Required action: What needs transcribing is the line with "Dala_Yee's tweet photo. Moon🌙" and every line after it to the end of the records, exactly and alone, with no pictures.

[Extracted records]
*-*-*

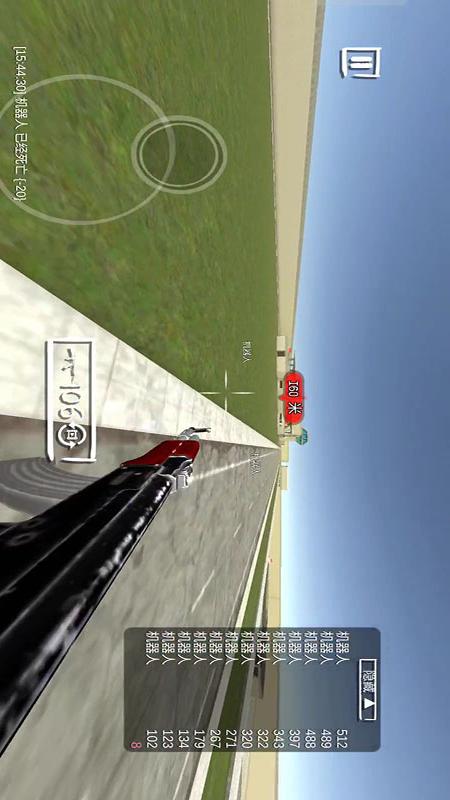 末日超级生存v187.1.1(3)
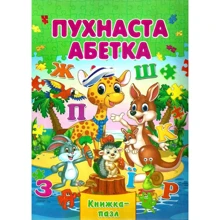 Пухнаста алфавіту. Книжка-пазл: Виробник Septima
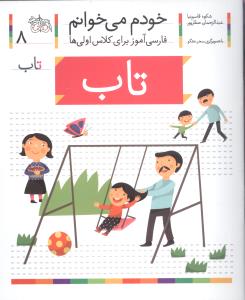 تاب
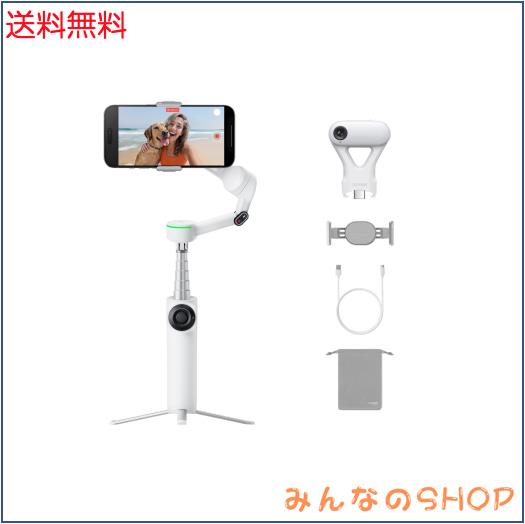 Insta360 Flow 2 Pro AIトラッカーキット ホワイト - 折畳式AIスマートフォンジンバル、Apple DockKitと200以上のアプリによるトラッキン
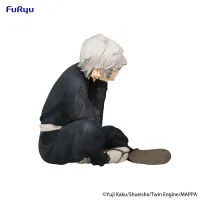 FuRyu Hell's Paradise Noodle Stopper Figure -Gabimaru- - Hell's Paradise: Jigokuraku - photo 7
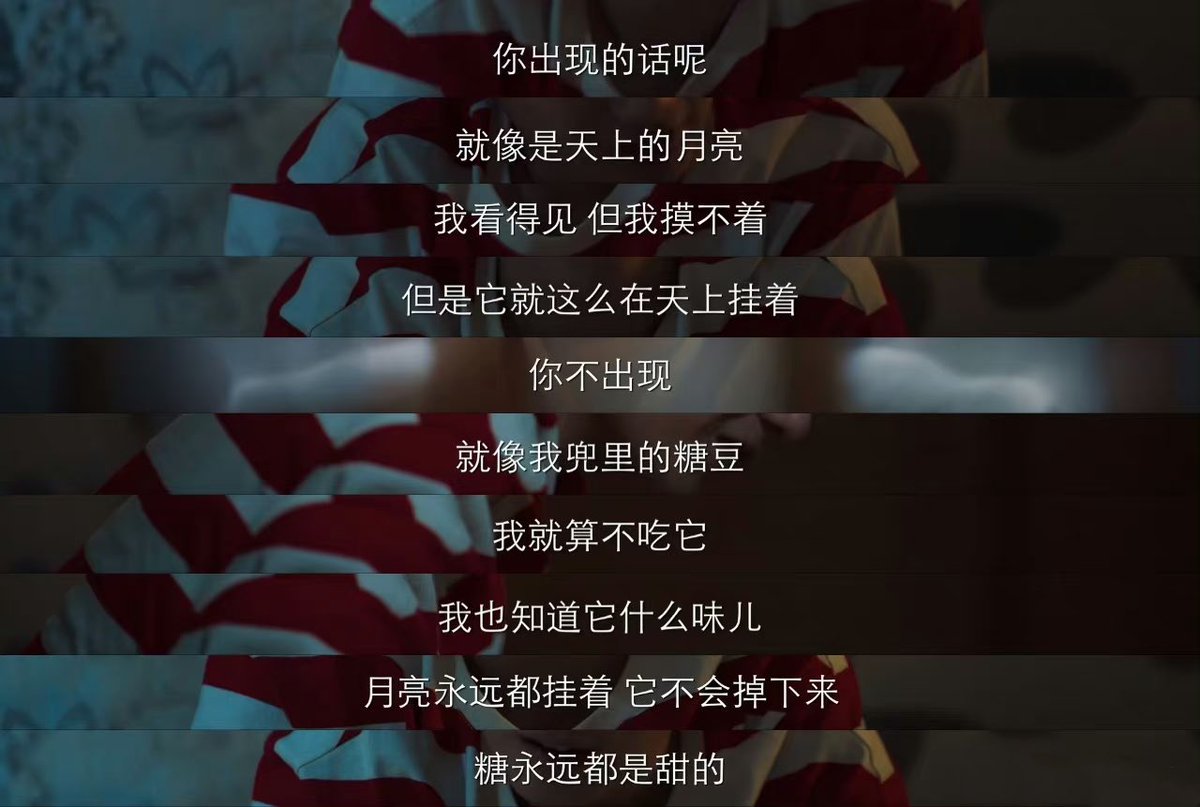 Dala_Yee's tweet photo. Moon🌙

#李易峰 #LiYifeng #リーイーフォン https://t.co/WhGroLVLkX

*-*-*

Answer for this exercise:
 Dala_Yee's tweet photo. Moon🌙

#李易峰 #LiYifeng #リーイーフォン https://t.co/WhGroLVLkX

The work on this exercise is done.